Alla fine della giornata di ieri - tre interrogatori per Calciopoli 2 - si comprende come Palazzi abbia intenzione di riannodare tutti i fili dei nuovi rapporti tra Moggi e il calcio. Il procuratore ha chiesto di queste pericolose relazioni a Foschi, ma soprattutto ha cercato di approfondire quello che è successo in casa sua: in Federcalcio. E infatti con il secondo interrogato, il presidente della serie D William Punghellini, il procuratore è andato a scavare: sei ore di domande. Il responsabile dell´Interregionale si è presentato con due avvocati e ha ricostruito la storia dei rapporti in Figc ad ampio raggio: ha parlato di Abete e Tavecchio, di Macalli e Agnolin, di altri piccoli dirigenti federali. E ha parlato di Franco Carraro, l´uomo con cui è cresciuto e che al telefono ha accusato di pressioni sul processo sportivo. A Punghellini il procuratore ha letto le undici telefonate intercettate, cinque con l´ex presidente del Civitavecchia, Mario Auriemma, e sei fatte e ricevute da Moggi. Non è stato facile spiegare toni e contenuti, però. In una telefonata Punghellini dice ad Auriemma: «Negli arbitri abbiamo fatto appalti sulle assicurazioni da dieci miliardi, appalti truccati, e adesso è stato deferito il vice di Gussoni, quindi si devono dimettere tutti… ». Ma alla fine i suoi legali dichiarano: «Il presidente della serie D ha ribadito, con dovizia di particolari, che la sua azione è stata sempre rivolta a tutelare l´integrità e l´autonomia del Comitato interregionale dilettanti e l´osservanza rigorosa della legge».
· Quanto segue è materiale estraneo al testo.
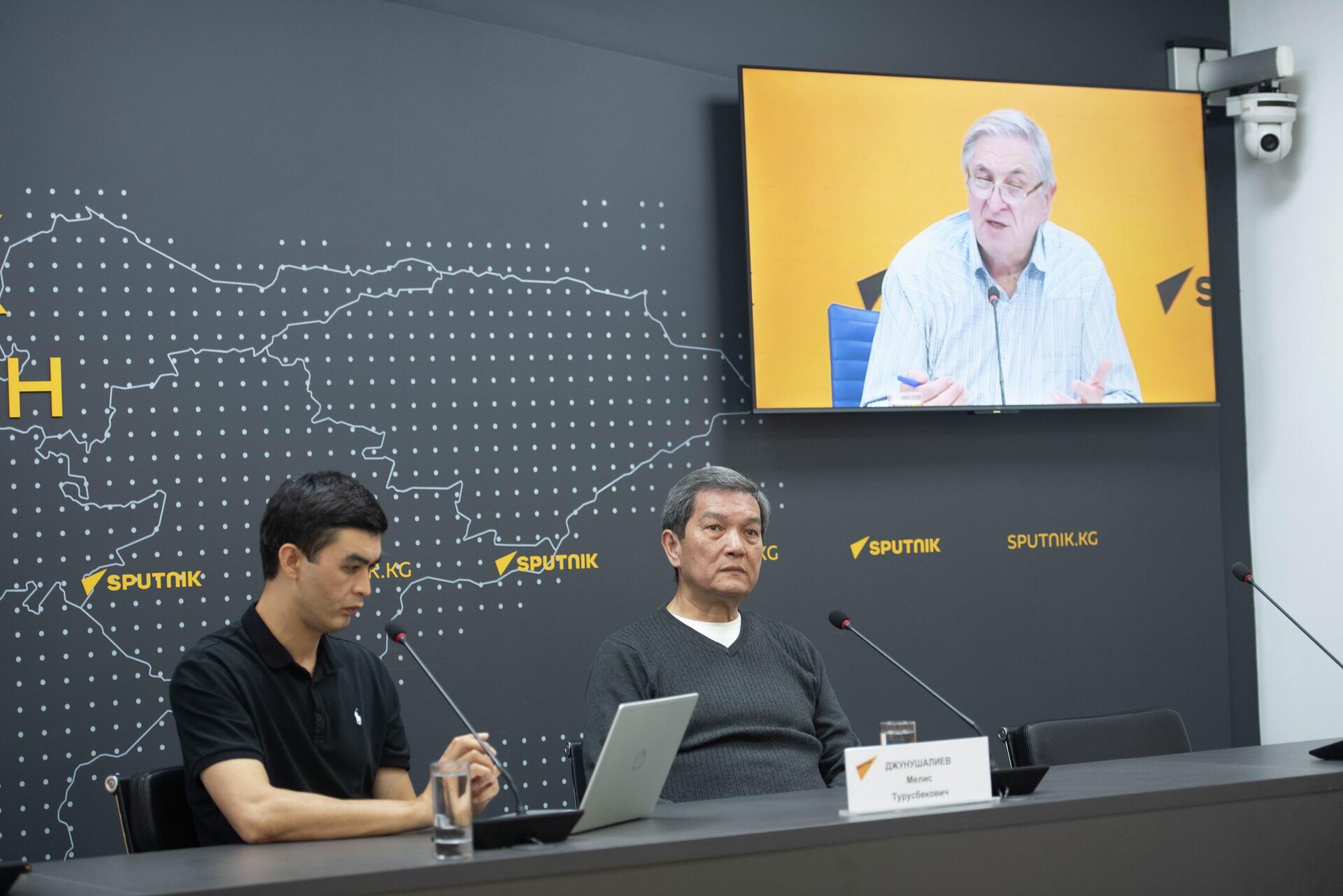 Видеомост Как обеспечить эффективность государственного управления в Евразии - Sputnik Кыргызстан, 1920, 19.09.2025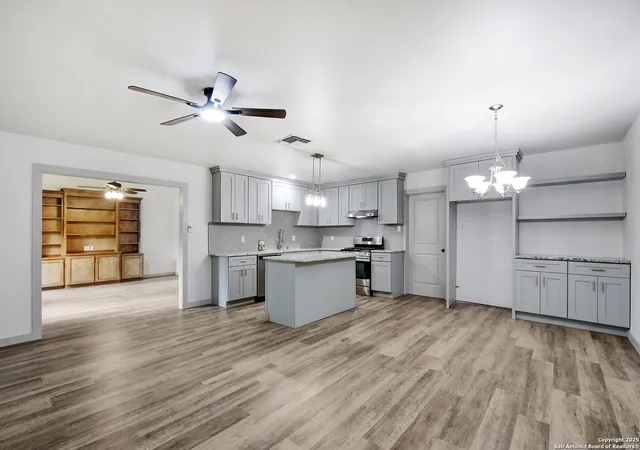 Photo 3 of Single family home for sale at 5515 Rolling Ridge, San Antonio, TX 78228 | MLS# 1865875 | Listing updated on 2026-05-16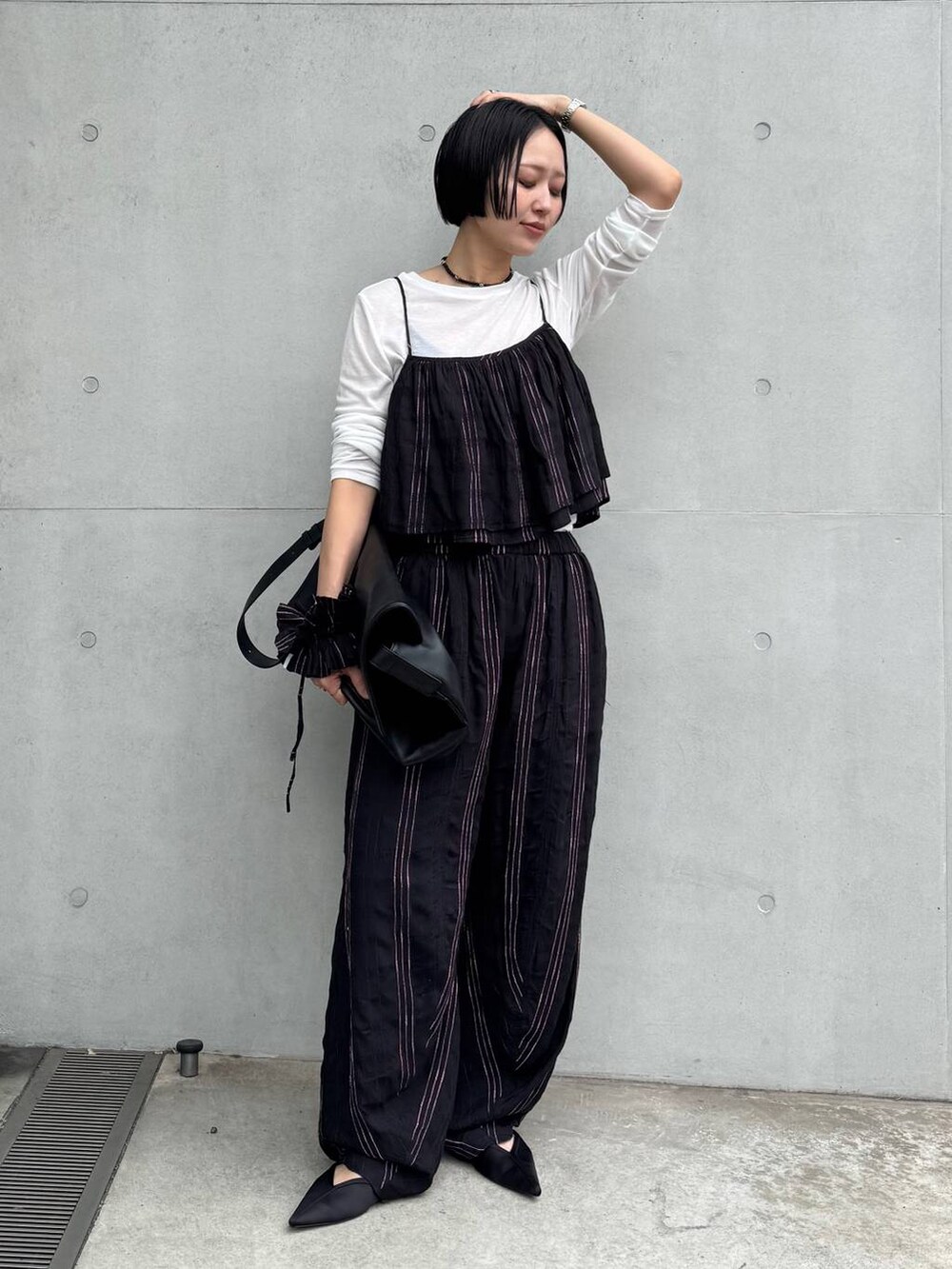 ブラック系のショルダーバッグを着用したレディースの春コーディネートの10枚目の写真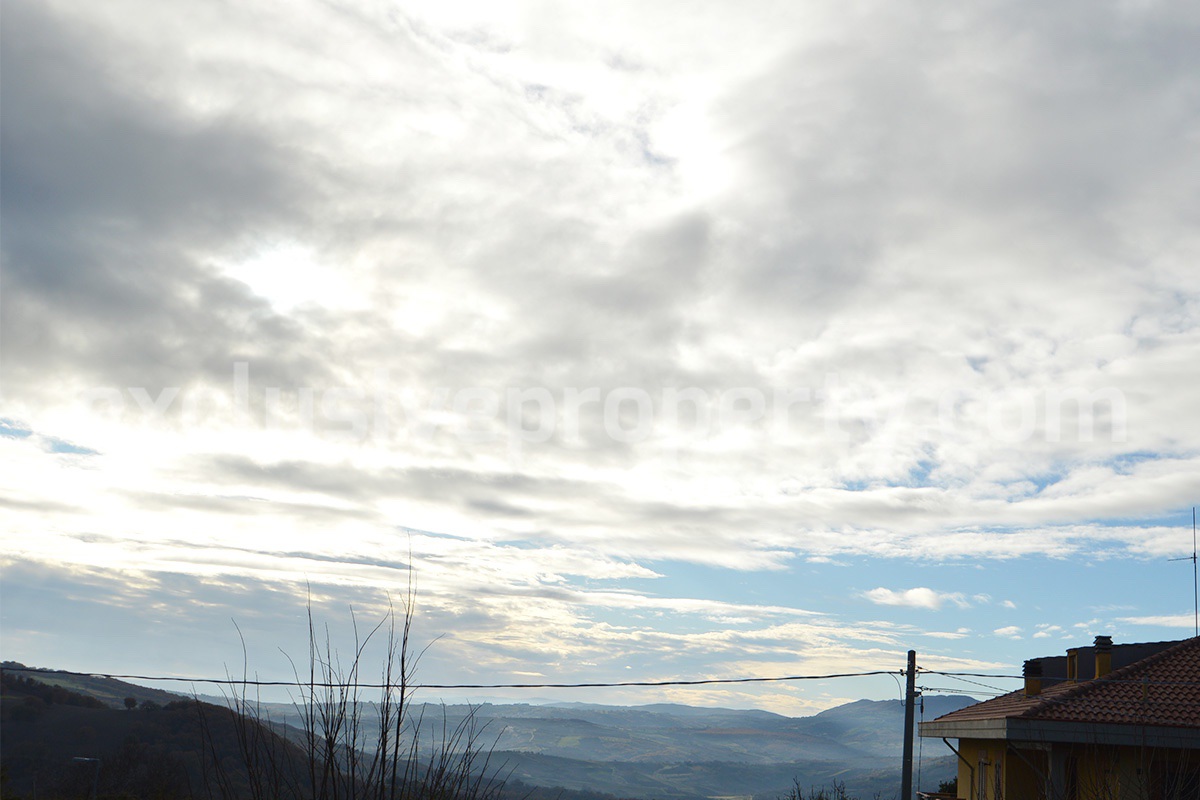 Move-In Ready Home with Garden and Garage for Sale in Mafalda in Molise - Near the Adriatic Coast
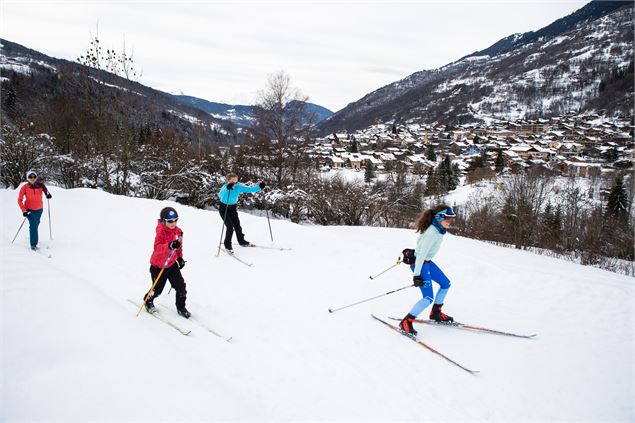 Pistes dans la forêt avec vue sur la Vallée de Bozel - Focus Outdoor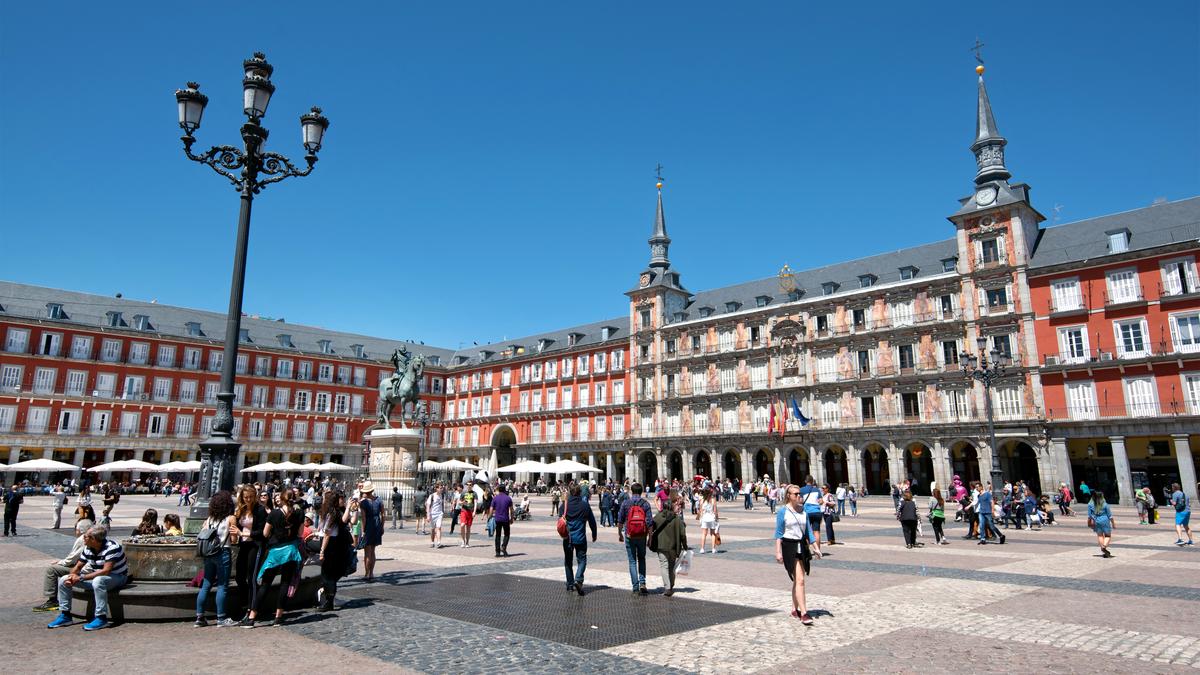 Rick Steves’ Europe: One Great Day in Madrid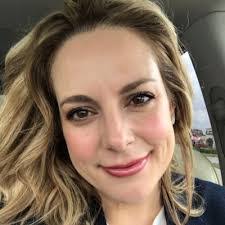 Amanda Ballenger's Instagram, Twitter & Facebook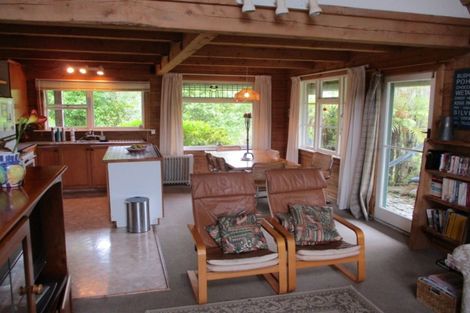 Photo of property in 19 Ivy Terrace, Moana, 7872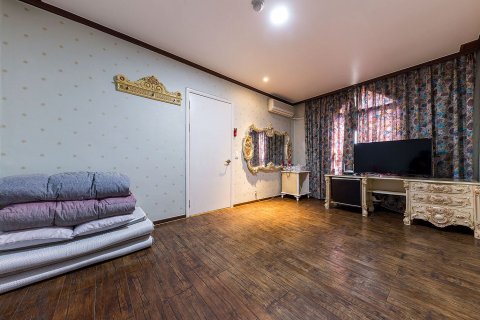 礼山新元公园酒店(Yesan Shinwon Parktel)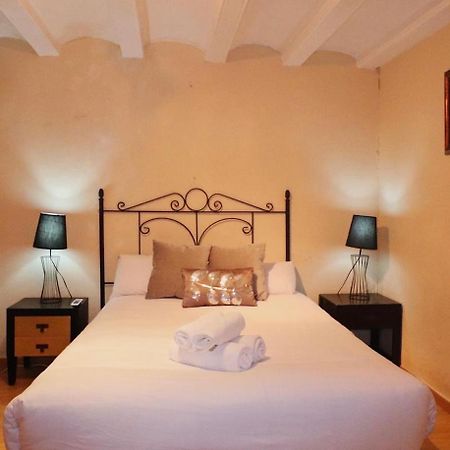 Private Rooms In City Center Барселона Экстерьер фото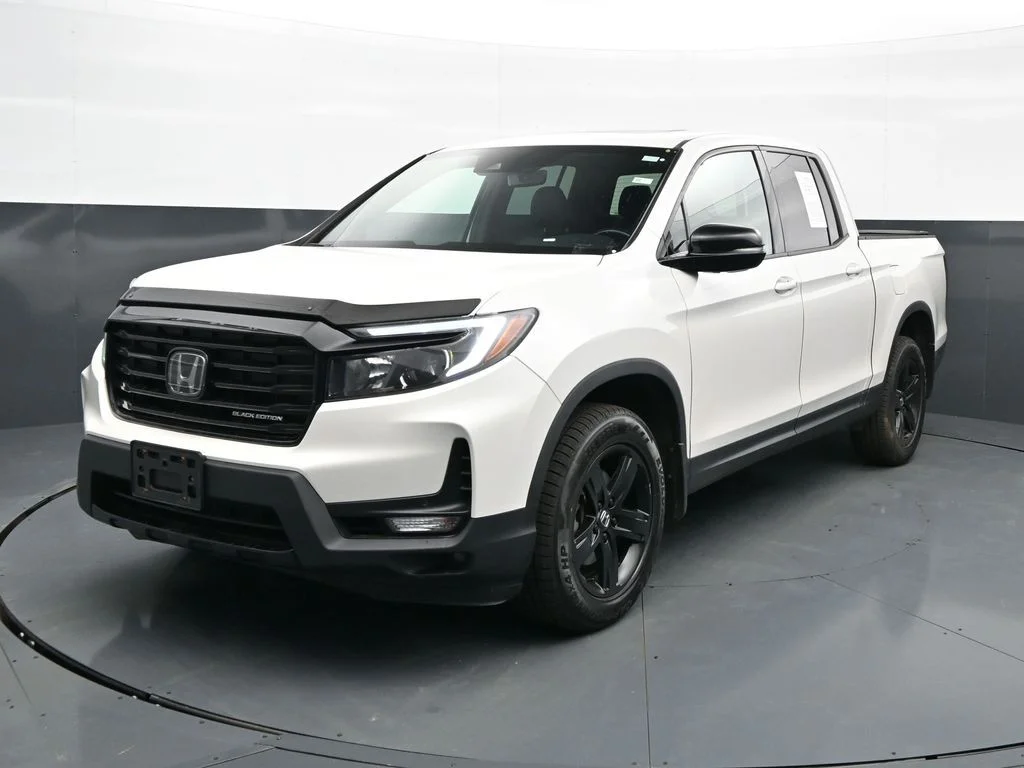 Used 2023 Platinum White Pearl Honda Black Edition image 3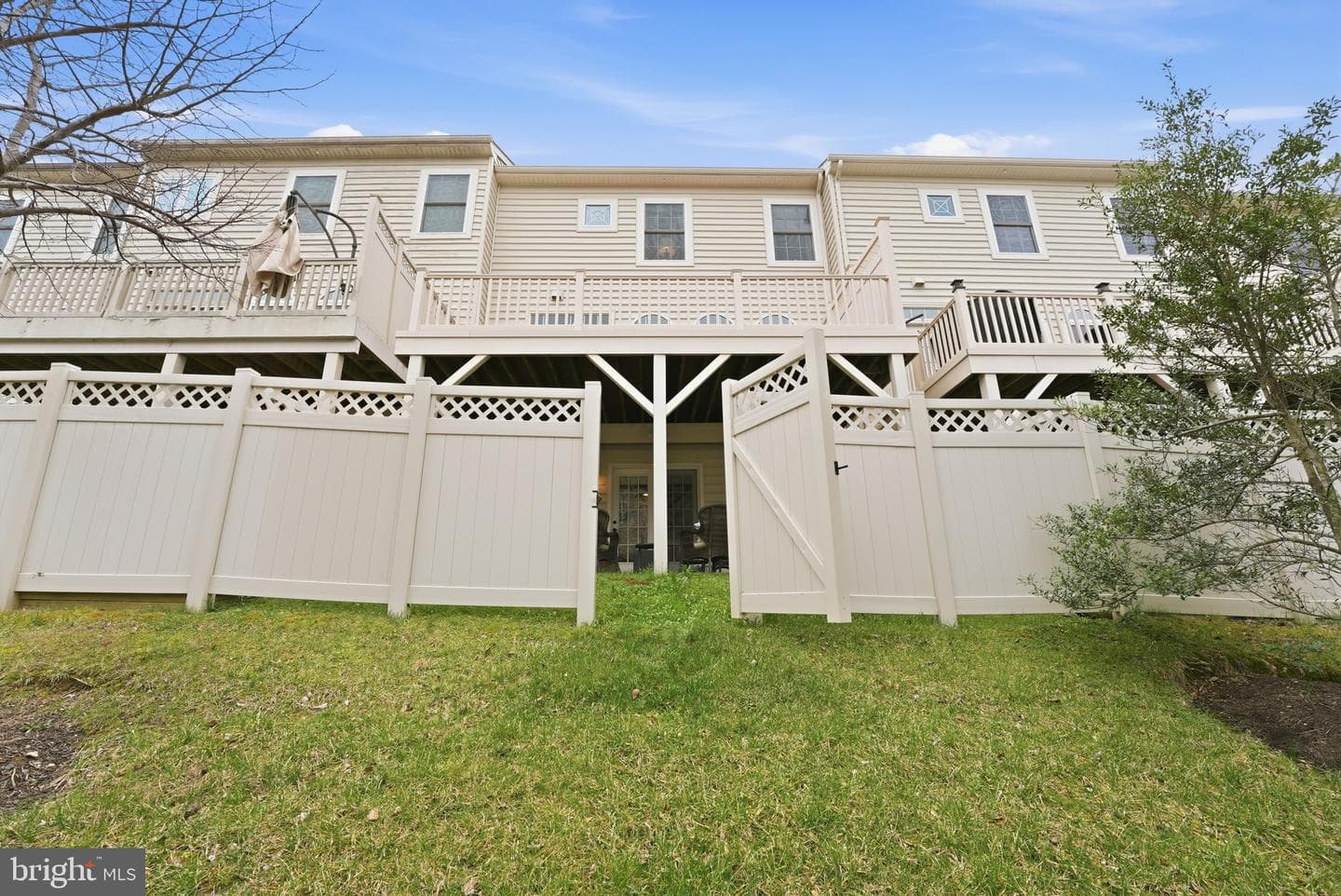 15304 Camberley Place photo 55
Ieri la procura del calcio ha ascoltato anche il consigliere federale Gabriele Gravina, candidato bruciato alla direzione generale della Federcalcio. E si è scoperto che, sabato scorso, è stato interrogato il presidente del Livorno, Aldo Spinelli, già convocato per un´altra questione sportiva. Si ripartirà con le audizioni il 3 e 4 gennaio e in quell´occasione sarà ascoltato il vicepresidente Carlo Tavecchio. Entro metà gennaio Palazzi e il presidente Abete vogliono chiudere il ciclo Calciopoli 2.
Sempre ieri, la procura si è occupata del caso Foggia, il difensore del Cagliari che avrebbe fatto picchiare il compagno di squadra Marchini. Dopo due certificati medici, Marchini ha deposto. L´istruttoria è chiusa: a giorni le decisioni.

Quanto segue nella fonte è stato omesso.